A recent report from research institute Data & Society revealed that 4pc of internet users in the United States have been threatened with the publication of their private photos. That figure rises to 10pc for women under 30.
A Chicago man, Edward J Majerczyk, was eventually convicted of hacking 30 of the accounts. He received a nine-month prison term and was ordered to pay for the counselling services for one unnamed victim. In a widely reported interview, Jennifer Lawrence called the hack a sex crime.
Australian musician Sia has her own approach. When the singer became aware last week that nude photos of her were being offered for sale online, she took a screengrab of one of them and posted it on her Twitter account for all of her 3.4m followers.
"Somebody is apparently trying to sell naked photos of me to my fans. Save your money, here it is for free. Everyday is Christmas!" she said, to the utter delight of her followers. The shot shows a woman who we presume to be Sia naked from behind - the image is blurred but the text beneath it promises a crystal-clear photo along with 14 others upon purchase.
The response? Everybody is 'shook' or 'dying'. She's been labelled iconic, a queen, amazing and a bad b***h. For those of you not fluent in the hyperbolic rhetoric of the internet, this is a good thing. The general consensus is that Sia has taken the power back into her own hands by rendering the value of her nudes worthless.
The photograph, by the way, was not a sexy selfie. It looks to have been taken from some distance as Sia stands on a balcony. This should be irrelevant but, unfortunately, it isn't. It would be fair to presume that not only were these photographs published without her consent, they were also taken without her consent.
Had Sia's leaked photograph been one she had taken of herself, naked, I wonder what the response to her actions would have been.

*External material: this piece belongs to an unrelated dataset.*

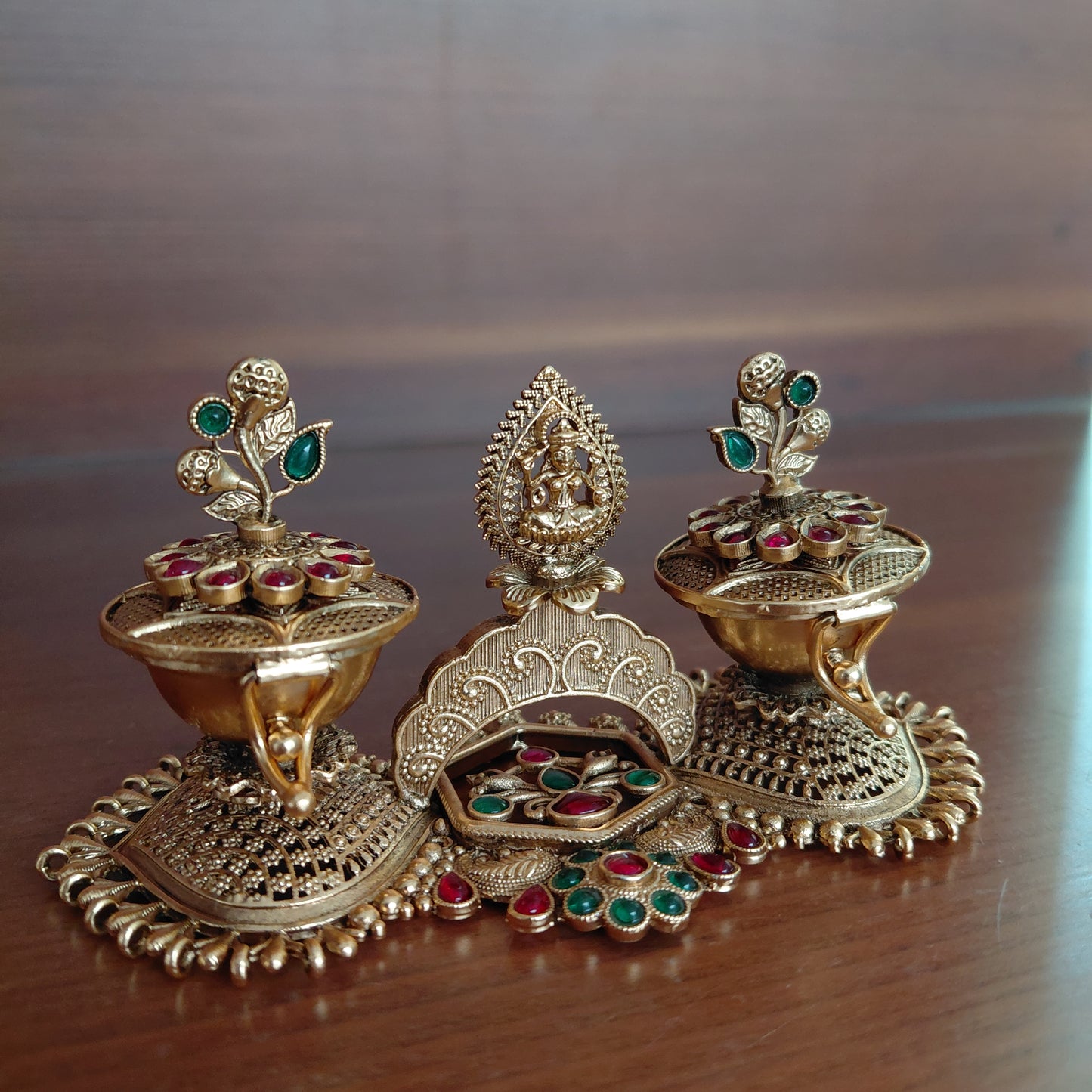 Dual Floral Kumkum Box Set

After the 2014 hack, comedian Ricky Gervais tweeted: "Celebrities, make it harder for hackers to get nude pics of you from your computer by not putting nude pics of yourself on your computer."

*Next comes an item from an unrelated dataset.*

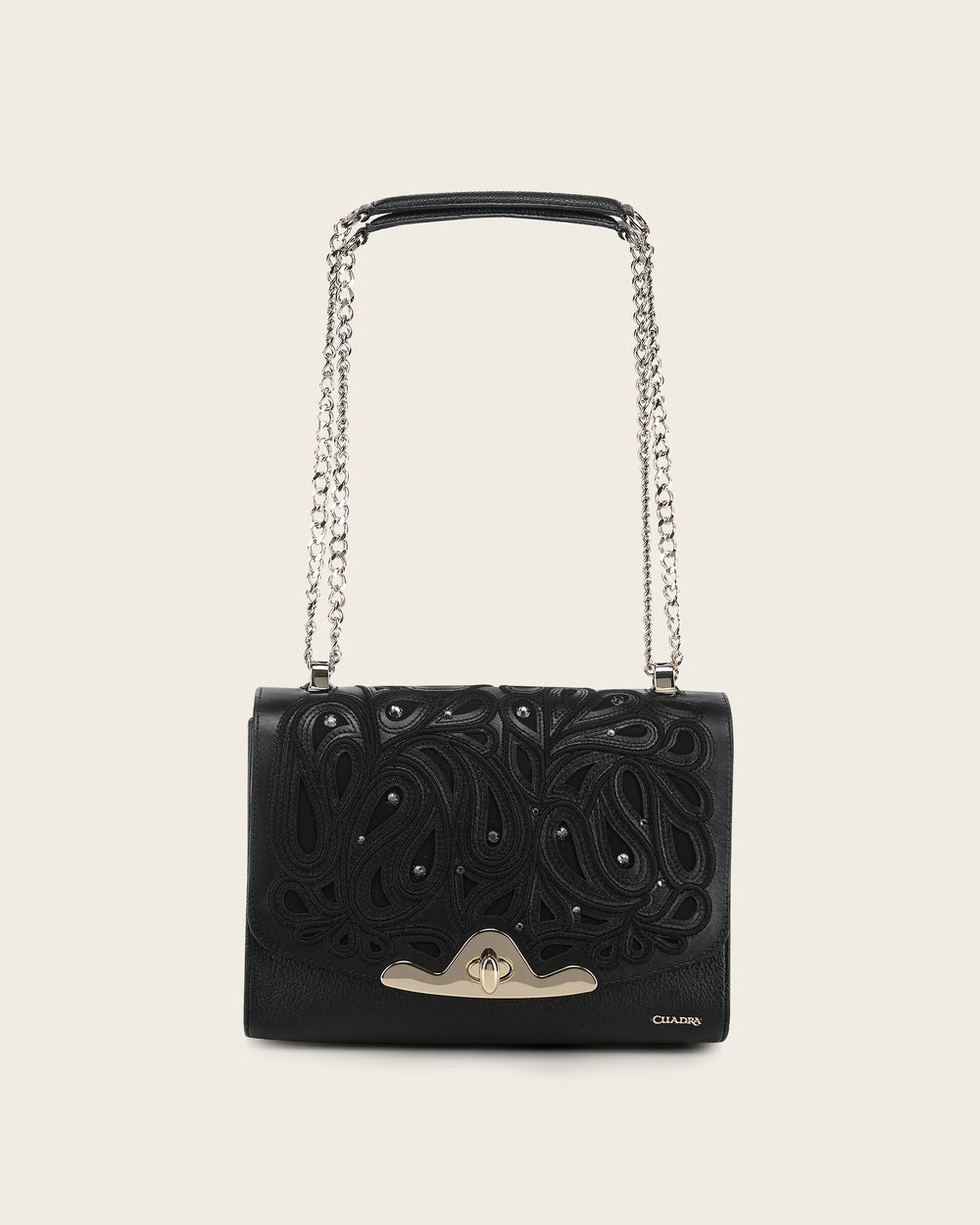 Cuadra Black Leather Crystal Shoulder Bag front view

After being accused of victim blaming, Gervais removed the tweet, saying it was a joke.
If that nude photo was her own, chances are Sia would have been savaged by some sad pocket of the internet, and perhaps even by her fellow celebrities, for being foolish enough to take a nude photo in the first place. Her fans seem convinced hers was an act of empowerment but beyond the devil-may-care attitude, it was really just a particularly perverse Catch-22 in which the victim has two choices; to harm themselves, or let somebody else get there first.
Sia may have lost the seller a lucrative deal but she was still forced to share a naked photo of herself that she would otherwise never have wanted in the public domain. It is reminiscent of a new technique Facebook is currently trialling in Australia to combat revenge porn.
The social media giant is encouraging users to send them photos they are concerned might be uploaded without their consent. Facebook will then give the photo a unique digital fingerprint that will identify and stop any attempts to upload the image. After this process, known as a 'hash', is complete, Facebook will then delete the original file.
Facebook's attempt at curbing the publication of private images has been welcomed, while Sia has been hailed a hero for her courageous actions. But in the ongoing battle against virtual abuse, revenge porn and non-consent, both outcomes are still a lose-lose for the victim.